A Shorten Labor Government will boost local jobs, invest in infrastructure, and reduce congestion in Perth by contributing to build a traffic overpass at the Roe Highway and Kalamunda Road intersection.
The Roe Highway is a major transport route in Perth, and its upgrade is part of Labor’s plan to get ahead of the State’s future growth and congestion pressures.
The highway links with the Reid and Tonkin highways to the north, and the Tonkin and Kwinana Freeways to the south. It also links to the Great Eastern Bypass and the Great Eastern Highway.

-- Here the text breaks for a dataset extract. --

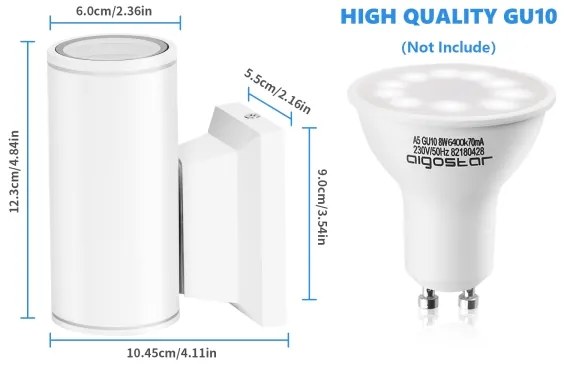 Aigostar - Corp de iluminat de perete pentru exterior 1xGU10/230V IP65 alb rotund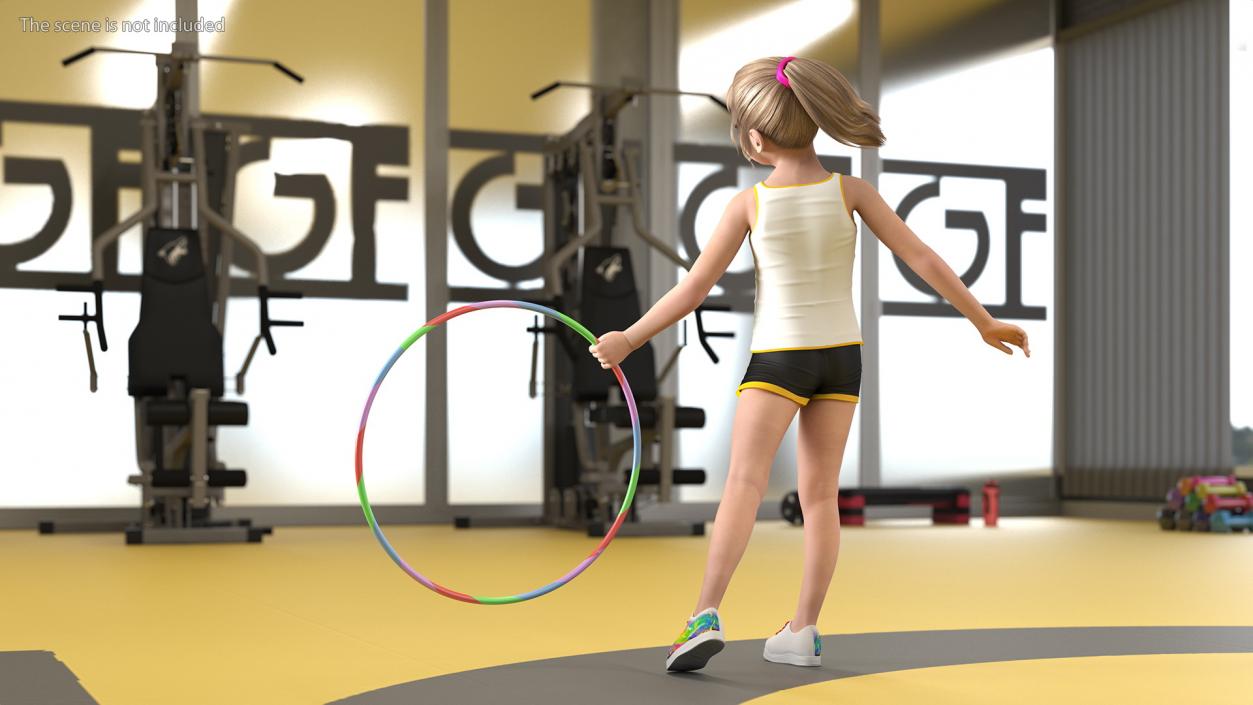 3D Sport Style Girl Child with Hoop Rigged for Cinema 4D model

These connections provide routes for heavy vehicles into industrial areas around Forrestfield, Kewdale and Hazelmere and include elements of the National Land Transport Network.
During peak periods a mix of heavy and commercial vehicles on the Roe Highway commute with lighter vehicles on the Kalamunda Road. This grade separation project will remove this intersection, separating north-south traffic on the Roe Highway from east-west traffic on Kalamunda Road, significantly improving the flow of traffic in both directions.
Labor will contribute $43 million towards this project and is calling on the WA Government to contribute funds to get the project underway.
The Infrastructure Australia Audit Report released last year said that without additional funding for transport projects in Perth, the cost of delays in urban transport will increase eightfold between 2011 and 2031 – from $2 billion to $16 billion. It also forecast that one of the major employment growth areas in Perth will be the Swan region.
Without new infrastructure investment, Infrastructure Australia says that by 2031, seven of the ten most congested transport corridors in Australia will be in Perth. Currently there is only one in the top ten. The Roe Highway is one of these corridors.
Funding for this project is part of Labor’s plan to address pressures as Perth grows rapidly and it comes on top of Labor’s pledge to plan and build the METRONET rail project; invest $45 million to build two overpasses on Wanneroo Road in Perth’s north-west; and commit $80 million for the North Lake Bridge in Perth’s south.
State Government investment in transport infrastructure has not kept pace with population growth in Perth’s outer suburbs, resulting in increasing bottlenecks for commuters in the broad northern corridor.
Labor is the party of infrastructure and cities. Since the Abbott-Turnbull Government was elected in 2013, public sector infrastructure investment across Australia has fallen by 20 per cent (ABS September 2015 quarter compared with September 2013 quarter).
A Shorten Labor Government will appoint a Minister for Cities, will invest in public transport as well as roads and bring back the Major Cities Unit to help manage growth as our cities expand.
Only Labor will build the transport infrastructure that residents of Perth will need in the future.